### WHAT THE TASK REQUIRES
This exercise calls for the data below to be retyped exactly, minus any images.

### INPUT DATA

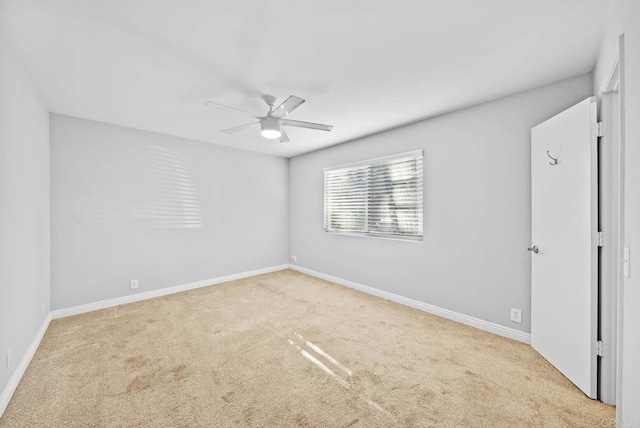 unfurnished room featuring ceiling fan and light carpet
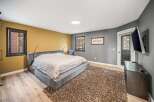 Step into a luxurious bedroom retreat, featuring a plush, oversized bed and a cozy, textured rug.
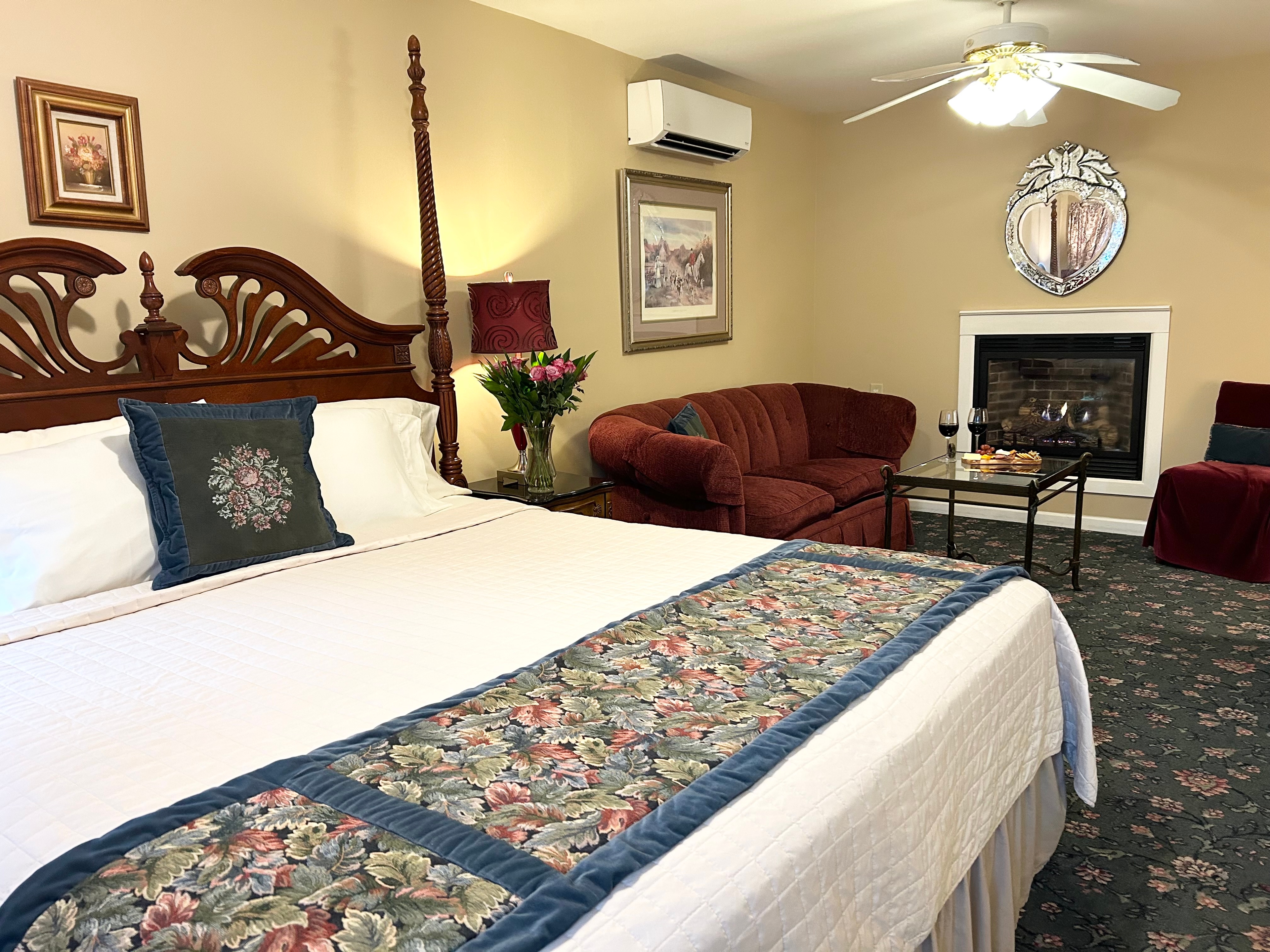 Side view of king bed with couch and table in front of the gas fireplace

### ANSWER SECTION
 unfurnished room featuring ceiling fan and light carpet
 Step into a luxurious bedroom retreat, featuring a plush, oversized bed and a cozy, textured rug.
 Side view of king bed with couch and table in front of the gas fireplace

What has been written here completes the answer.